First, it's worth pointing out that there are two different meanings for the term $\beta_0$ in the above. There's the coefficients vector $\beta = (\beta_0,\beta_1)$; there's also the initial point $\beta_{0} = (\beta_{0,0},\beta_{0,1})$ in an iterative search for that vector.
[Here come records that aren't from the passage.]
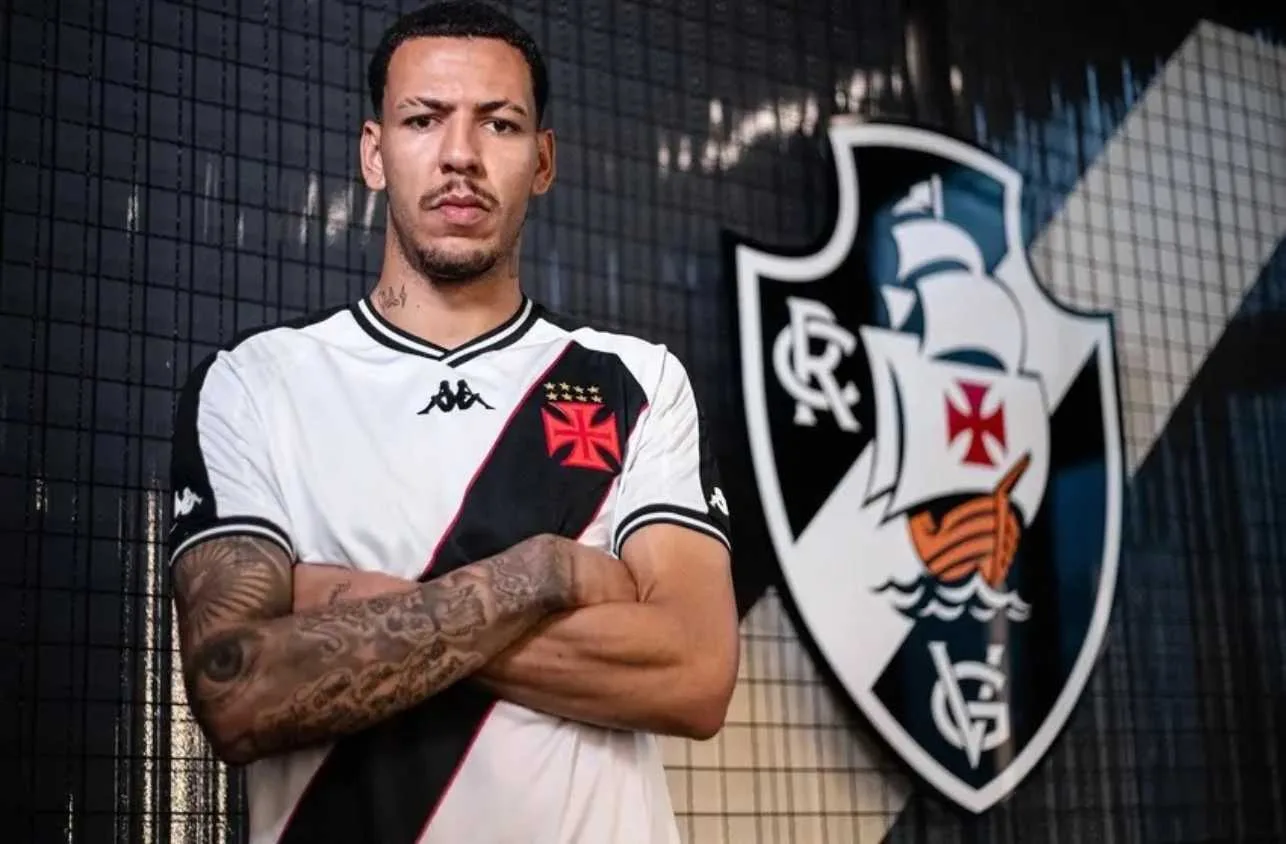 Com Clayton Silva, Vasco chega a 9 reforços para a temporada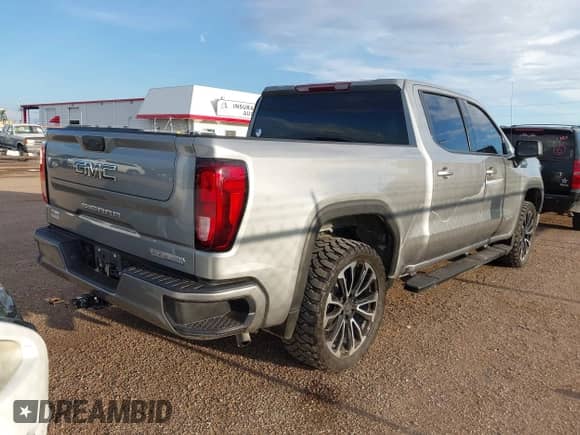 2024 GMC Sierra 1500 Elevation z VIN 3GTPHCED2RG397188, wystawiony jako IAAI lot #43208119 z przebiegiem 26 919 mil mil oraz . Historia ofert i sprzedaży dostępna na DreamBid. Obrazek 4.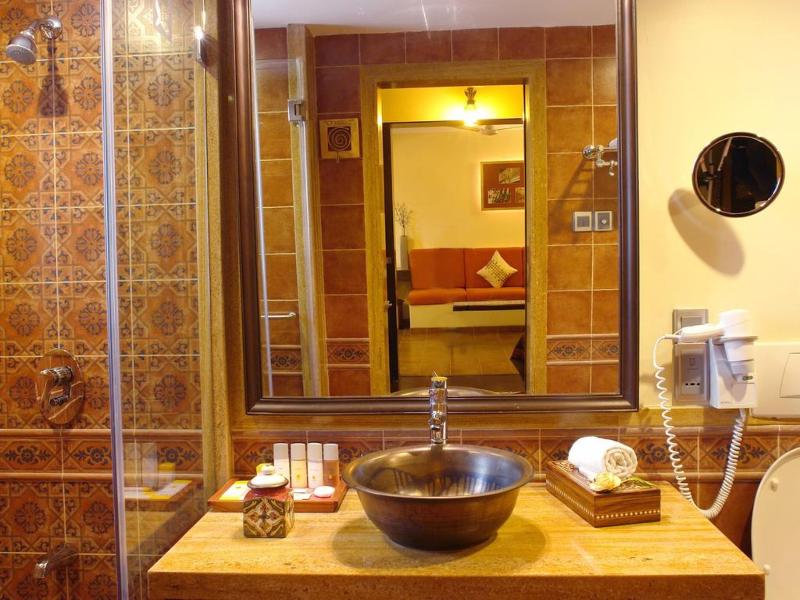 Photo of The Shalimar Hotel, 4-star hotel in Mumbai (and vicinity)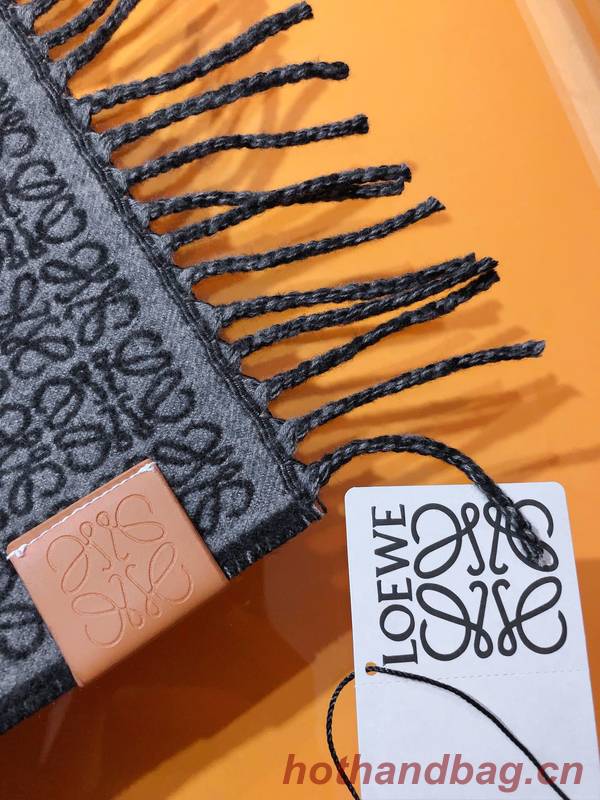 Loewe Scarf LOC00033 Loewe Scarf LOC00033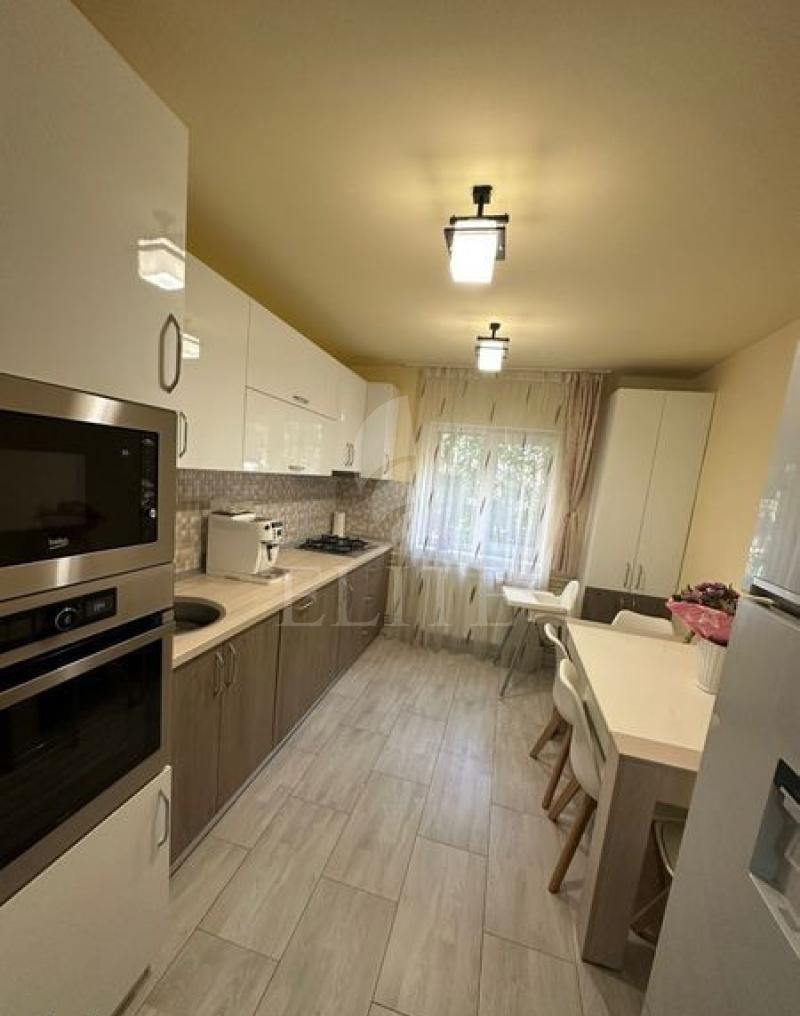 Apartament 3 camere în zona AUREL VLAICU-1018330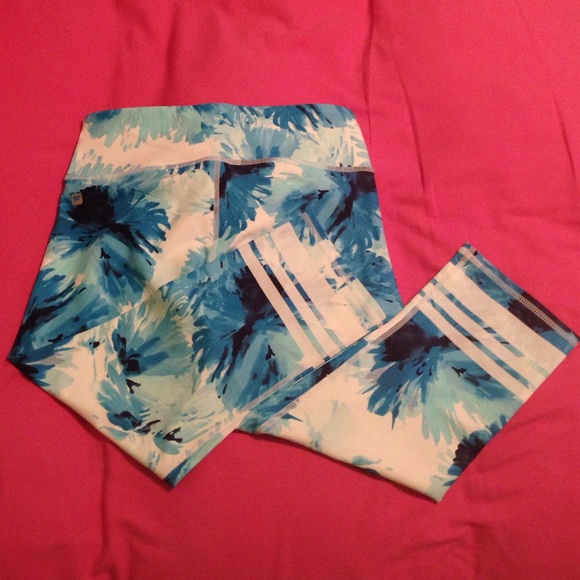 Fabletics Salar Crop in Tropical Bloom Print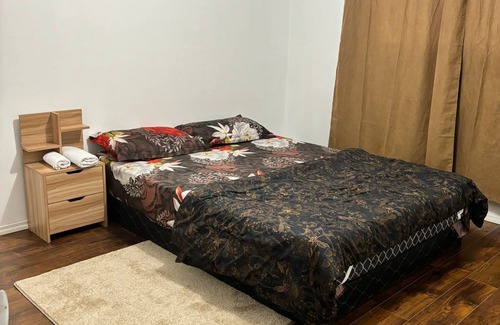 Fletchers Creek South House | Queen room near Sheridan College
To avoid confusion, I'll refer to the latter as $\beta_{init}$.

The formula $$\hat{\mathbf{\beta}} = \beta_{init} - \left( \frac{\partial^2 L} {\partial \mathbf{\beta^2}}\right)^{-1} \frac{\partial L}{\partial \mathbf{\beta}}$$ does not in general give the MLE. However, the same formula applied to the log-likelihood $l$, $$\hat{\mathbf{\beta}}_{ML} = \beta_{init} - \left( \frac{\partial^2 l} {\partial \mathbf{\beta^2}}\right)^{-1} \frac{\partial l}{\partial \mathbf{\beta}}$$ reduces to the standard expression $(X^TX)^{-1}X^TY$ for the MLE, for any value of $\beta_{init}$.

This formula can be recognised as one step of Newton's method for optimising a function. In general, Newton's method requires many steps to converge; for regression, however, the log-likelihood is quadratic in $\beta$, which means that one step of Newton's method is sufficient.